For now, the best tools we have are awareness, testing, and smart management. Lithium isn’t going away. It’s too effective. But we’re getting better at managing its downsides.
What to Do Next
If you’re on lithium:
- Ask your doctor for your latest TSH and free T4 results. Don’t assume they’re fine.
- If you haven’t had a thyroid test in over a year, schedule one now.
- Track your energy, weight, and mood. Note changes.
- Ask about selenium supplementation-it’s low-risk and potentially helpful.
If you’re considering lithium:
- Get baseline thyroid tests before starting.
- Ask about your family history of thyroid disease.
- Understand that thyroid monitoring isn’t optional-it’s part of the treatment plan.
Lithium isn’t perfect. But for many, it’s the best tool they have. The key isn’t avoiding it-it’s managing it wisely.
Can lithium cause permanent thyroid damage?

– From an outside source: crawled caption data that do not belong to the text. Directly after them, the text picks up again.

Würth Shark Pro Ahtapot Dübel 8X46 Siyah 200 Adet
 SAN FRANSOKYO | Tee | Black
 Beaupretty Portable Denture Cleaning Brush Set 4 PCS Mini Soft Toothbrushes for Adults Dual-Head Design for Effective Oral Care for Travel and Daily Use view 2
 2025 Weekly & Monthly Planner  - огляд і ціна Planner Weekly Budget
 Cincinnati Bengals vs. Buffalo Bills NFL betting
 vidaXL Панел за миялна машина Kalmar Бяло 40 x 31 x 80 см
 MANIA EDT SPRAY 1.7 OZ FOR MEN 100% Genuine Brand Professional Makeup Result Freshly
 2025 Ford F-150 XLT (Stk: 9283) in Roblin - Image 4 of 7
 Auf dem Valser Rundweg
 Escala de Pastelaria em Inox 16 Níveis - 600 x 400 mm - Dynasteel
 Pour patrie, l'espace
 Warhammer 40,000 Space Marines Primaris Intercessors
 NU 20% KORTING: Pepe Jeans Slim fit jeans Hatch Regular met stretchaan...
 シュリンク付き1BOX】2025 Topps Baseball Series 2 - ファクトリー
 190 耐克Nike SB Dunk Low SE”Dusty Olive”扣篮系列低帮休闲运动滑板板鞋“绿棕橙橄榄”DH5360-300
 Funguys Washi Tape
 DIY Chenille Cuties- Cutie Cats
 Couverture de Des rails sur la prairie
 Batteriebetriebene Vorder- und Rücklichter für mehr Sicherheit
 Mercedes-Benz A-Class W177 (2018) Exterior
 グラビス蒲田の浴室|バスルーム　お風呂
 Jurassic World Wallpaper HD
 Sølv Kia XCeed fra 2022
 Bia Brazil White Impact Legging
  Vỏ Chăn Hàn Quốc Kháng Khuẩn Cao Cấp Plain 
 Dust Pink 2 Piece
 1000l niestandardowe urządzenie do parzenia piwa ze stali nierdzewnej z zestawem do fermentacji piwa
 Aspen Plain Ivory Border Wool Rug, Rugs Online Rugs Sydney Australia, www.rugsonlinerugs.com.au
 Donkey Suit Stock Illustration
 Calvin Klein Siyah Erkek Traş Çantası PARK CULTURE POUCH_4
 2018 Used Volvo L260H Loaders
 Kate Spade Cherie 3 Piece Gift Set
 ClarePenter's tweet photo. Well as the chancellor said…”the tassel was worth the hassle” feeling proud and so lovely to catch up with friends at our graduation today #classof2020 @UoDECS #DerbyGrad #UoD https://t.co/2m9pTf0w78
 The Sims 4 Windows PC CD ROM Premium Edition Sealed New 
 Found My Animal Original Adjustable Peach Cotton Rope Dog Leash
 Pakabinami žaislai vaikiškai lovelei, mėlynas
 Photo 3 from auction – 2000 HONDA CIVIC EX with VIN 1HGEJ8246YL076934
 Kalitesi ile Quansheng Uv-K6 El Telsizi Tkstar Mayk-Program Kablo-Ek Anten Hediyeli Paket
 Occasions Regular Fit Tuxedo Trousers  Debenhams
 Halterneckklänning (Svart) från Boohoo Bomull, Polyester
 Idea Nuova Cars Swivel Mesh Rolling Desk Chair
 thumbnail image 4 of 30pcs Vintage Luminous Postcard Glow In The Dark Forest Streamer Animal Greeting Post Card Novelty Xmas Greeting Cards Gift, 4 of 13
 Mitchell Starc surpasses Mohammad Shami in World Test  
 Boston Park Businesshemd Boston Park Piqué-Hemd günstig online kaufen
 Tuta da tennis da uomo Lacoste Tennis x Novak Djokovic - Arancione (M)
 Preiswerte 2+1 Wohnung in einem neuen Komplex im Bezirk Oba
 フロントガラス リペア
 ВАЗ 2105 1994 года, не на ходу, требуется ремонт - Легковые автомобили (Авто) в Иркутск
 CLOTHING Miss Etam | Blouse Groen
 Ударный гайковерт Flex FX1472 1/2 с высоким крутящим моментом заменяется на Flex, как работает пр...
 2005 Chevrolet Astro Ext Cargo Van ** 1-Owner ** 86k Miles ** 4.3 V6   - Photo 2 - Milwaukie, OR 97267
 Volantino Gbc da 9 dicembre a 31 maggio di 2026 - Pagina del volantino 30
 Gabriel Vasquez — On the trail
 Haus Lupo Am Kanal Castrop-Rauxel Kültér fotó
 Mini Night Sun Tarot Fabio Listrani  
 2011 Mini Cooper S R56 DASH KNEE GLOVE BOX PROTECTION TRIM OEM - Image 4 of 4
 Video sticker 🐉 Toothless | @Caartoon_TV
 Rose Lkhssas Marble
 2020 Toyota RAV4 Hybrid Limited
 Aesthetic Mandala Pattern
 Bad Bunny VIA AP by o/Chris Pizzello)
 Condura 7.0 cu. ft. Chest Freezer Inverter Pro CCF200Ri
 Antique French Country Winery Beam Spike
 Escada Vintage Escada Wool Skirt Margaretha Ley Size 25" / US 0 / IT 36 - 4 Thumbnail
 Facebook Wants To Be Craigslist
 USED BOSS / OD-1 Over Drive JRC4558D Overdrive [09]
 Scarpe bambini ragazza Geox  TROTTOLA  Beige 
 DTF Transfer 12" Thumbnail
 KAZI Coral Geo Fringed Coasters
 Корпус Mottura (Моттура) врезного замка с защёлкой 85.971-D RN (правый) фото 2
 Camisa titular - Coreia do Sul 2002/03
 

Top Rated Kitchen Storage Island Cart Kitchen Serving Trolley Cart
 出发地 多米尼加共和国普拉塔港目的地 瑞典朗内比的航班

In most cases, no. Hypothyroidism caused by lithium is usually reversible if you stop the medication. But many people stay on lithium because the benefits outweigh the risks. Even if you develop hypothyroidism, it can be managed with levothyroxine. Permanent damage is rare unless there’s an underlying autoimmune condition like Hashimoto’s that lithium triggers or worsens.
Do I need to stop lithium if my TSH is high?
Not necessarily. A slightly elevated TSH in the first few months of treatment is common and often temporary. Doctors typically wait until TSH is consistently above 10 mIU/L before making changes. If you’re feeling fine and your free T4 is normal, your doctor may just monitor you. Only if symptoms appear or TSH stays very high will they consider adjusting lithium or adding levothyroxine.
Can I take selenium while on lithium?
Yes, and it may help. A 2023 trial showed that 100 mcg of selenium daily reduced the risk of developing hypothyroidism by nearly half in lithium users. Selenium supports antioxidant enzymes in the thyroid and may reduce inflammation. Always check with your doctor first, especially if you’re on other supplements or have kidney issues.
Why do women on lithium have higher thyroid risks?
Women are more likely than men to develop autoimmune thyroid conditions like Hashimoto’s. Lithium appears to amplify this natural susceptibility. Hormonal differences, especially estrogen’s influence on immune function, may make the thyroid more reactive to lithium’s effects. This is why women under 60 are over three times more likely to develop hypothyroidism on lithium than men.
Is there a blood test that predicts who will develop thyroid issues?
Not yet for routine use, but research is moving fast. A 2024 study developed a predictive algorithm using baseline TSH, age at lithium start, gender, and whether the patient is taking gabapentin or antidepressants. It correctly identified high-risk patients 82% of the time. While not available in clinics yet, this points to a future where we can personalize lithium therapy based on individual risk-not guesswork.